I'm running in a rally cross this weekend. Basically it's an autox on a dirt track something like this:
and this
My question is should I run at street pressures or should I slightly deflate the tires, even? I'm leery of overinflating like a normal autocross... I don't want to blow a tire on some kind of rock or hole. The reason I mention deflation is I've seen some of the 4x4 truck offroading events and they lower their tire pressure for better traction. Of course, they've got big, knobby, monster tires so it may be a whole different story for them. Also, any other tips/suggestions are welcome.
This looks like it's going to be a hell of a lot of fun! Hope I don't break my Camry
Actually I'd keep standard pressure on them.. maybe 2.5bars (depending on your tires). This isnt sand let me remind you plus you got turns. Tires that are too deflated can cause you to skid off in turns, because the tire will flex, thus you wont have as much contact patch hitting the ground.
I'd recommend 35-40psi. (2.3-2.5bars)
Lots of different opinions floating around here. You want to be careful. Too much pressure and you could blow a tire. Too little pressure and you could blow a tire. I'd suggest 28-30psi. But it depends on what the recommended pressure is for those tires. If I were you, I'd go out and find a set of cheap used POS snow tires. Those are great for rallycross (trust me) almost as good as actually rally tires, but at a SIGNIFICANTLY lower cost. Plus you won't really care if they get damaged or not.
Here check out this pic I took at a Rally-X last year: http://members.rogers.com/wedge1/rallysprint/111-2.jpg
I had my camera set on continous shot and I caught the exact moment that this guy's tire blew. It's on the other side of the car, but you can see the sand travelling vertical.
Yeah, my car likes it rough. Besides, I can always repaint or something.
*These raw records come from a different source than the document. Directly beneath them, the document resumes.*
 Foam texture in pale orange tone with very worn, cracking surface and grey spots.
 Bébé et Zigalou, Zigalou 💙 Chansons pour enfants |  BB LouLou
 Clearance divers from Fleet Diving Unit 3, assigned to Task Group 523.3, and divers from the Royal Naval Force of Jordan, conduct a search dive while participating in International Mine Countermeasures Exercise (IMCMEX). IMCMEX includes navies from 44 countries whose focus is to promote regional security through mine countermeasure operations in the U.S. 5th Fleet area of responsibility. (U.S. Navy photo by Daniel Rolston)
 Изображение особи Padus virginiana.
Good advice on the pos snows, wedge. I may just pursue that.
As it is, the event may or may not happen right now, depending on the weather. Apparently they cancel it for safety reasons if it rains, and we've had a slew of t-storms passing through these last couple weeks. We shall see. Thanks for all the input, guys!
Originally posted by Flashmn
Now you wont. You'll be fine, its a FWD all the weight is on the pulling wheels. if it was RWD then it would get stuck easily.
No.
Cuz what happens if you break in a FWD car in mud?
Plow.
At least with RWD you can power slide thru corner which you can't do with a super front heavy Camry.